Interaktive Web-Anwendungen die sich im Internet so verhalten als würden sie auf dem Desktop laufen, sind das Ziel der neuen Basistechnologie "Web 2.0". Aus dieser Basistechnologie und aus den Ansprüchen der Softwareentwicklung sind einige neue Paradigmen und Werkzeuge entstanden. Die wohl herausragendste Entwicklung der letzten Zeit ist AJAX (Asynchronous Javascript + XML). Eigentlich haben wir das schon gemacht, aber jetzt hat es einen Namen bekommen.

Ziel ist es, innerhalb der Webseiten bzw. Anwendungen, nicht mehr die ganze Seite neu zu laden, um ein Feldinhalt oder einen Breich zu aktualisieren, sondern nur noch exakt dieses Feld, oder diesen Bereich, zu aktualisieren. Dadurch werden die Webanwendungen wesentlich schneller und erlauben ein ähnlich hohes Maß an Interaktivität wie es die heutigen Desktopanwendungen bieten. Um diese Interaktivität zu erreichen,brauchen wir eine Implementierung im Browser und auf dem Server. 

In diesem Umfeld sind in den letzten Monaten bemerkenswerte Projekte enstanden, eines davon ist ein GUI - Framework(Qooxdoo), das auf JavaScript basiert und durch eine gute Geschwindigkeit beeindruckt. Auf der Seite des Servers setzen wir schon seit Jahren auf Java und Servlet-Technologien, als Implementierung haben wir in allen Projekten bislang das Apache-Projekt Tomcat eingesetzt.

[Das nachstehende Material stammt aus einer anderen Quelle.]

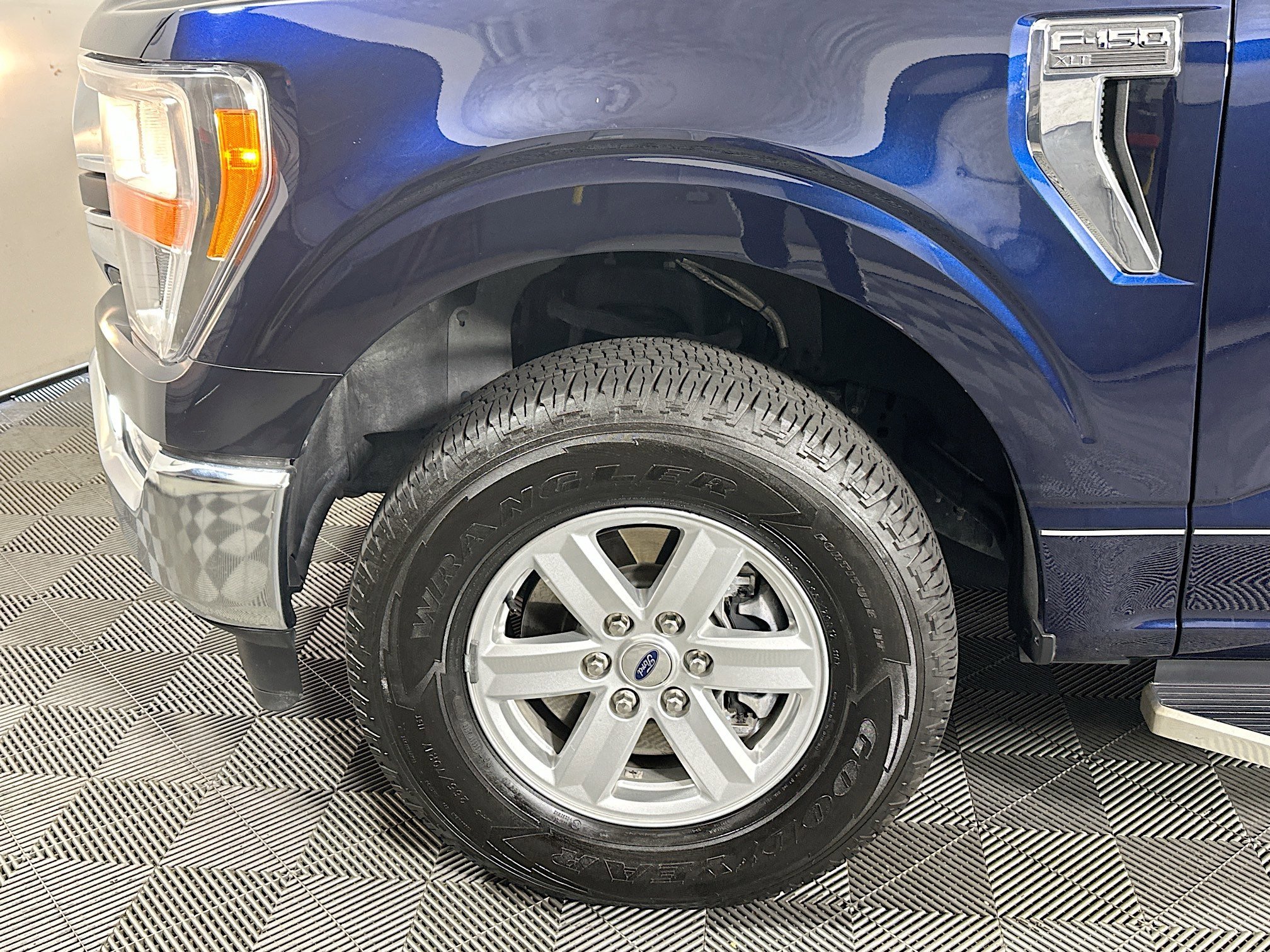 Used 2022 Blue Metallic Ford XLT image 11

Für neue Projekte kommen jetzt die JavaServer Faces und das Spring - Framework hinzu. 

In einem aktuellen Projekt brauchen wir eine browserbasierte Anwendung mit den neuen Web 2.0 - Technologien. Dabei soll der JAVA-Entwickler auf der Serverseite mit einfachen Java-Objekten arbeiten können. Um das zu realiseren, wollen wir im ersten Schritt die Qooxdoo-Objekte in Java Server Faces kapseln, um so eine einfache API zu erhalten.

Das Projekt wird als Opensource entweder unter sourceforge.net oder unterhalb des Qooxdoo - Projektes veröffentlicht werden, näheres wird hier rechtzeitig veröffentlicht.

Hier gibt es weitere Informationen zu  Qooxdoo  (JavaScript-based GUI Framework) http://www.qooxdoo.org.



----------

Ist von Februar 2007. Obs wohl bald was geben wird?


Gruß

Mike


----------



## Guest (8. Sep 2007)

Hi



> Ziel ist es, innerhalb der Webseiten bzw. Anwendungen, nicht mehr die ganze Seite neu zu laden, um ein Feldinhalt oder einen Breich zu aktualisieren, sondern nur noch exakt dieses Feld, oder diesen Bereich, zu aktualisieren. Dadurch werden die Webanwendungen wesentlich schneller und erlauben ein ähnlich hohes Maß an Interaktivität wie es die heutigen Desktopanwendungen bieten. Um diese Interaktivität zu erreichen,brauchen wir eine Implementierung im Browser und auf dem Server.



das sog. Partitial Page Rendering (PPR), bei dem nur Teile der Seite neu geladen werden, ist auch von bestehenden Frameworks implementiert (zumindest weiss ich das von Ajax4Jsf/RichFaces). Wenn du dir die Doku von richfaces einmal anguckst, siehst du das die meisten Komponenten ein Attribut reRender besizten, bei dem die id von Feldern angeben kann, die neu gerendert werden sollen....

MfG


----------



## public_void_main (8. Sep 2007)

Ich denke, das ist ohnehin klar. 
Die Frage zielt darauf ab zu erfahren, ob eine Verwendung von Qooxdoo mit Java möglich ist.

Weiß hier wirklich sonst niemand Bescheid? :-(


----------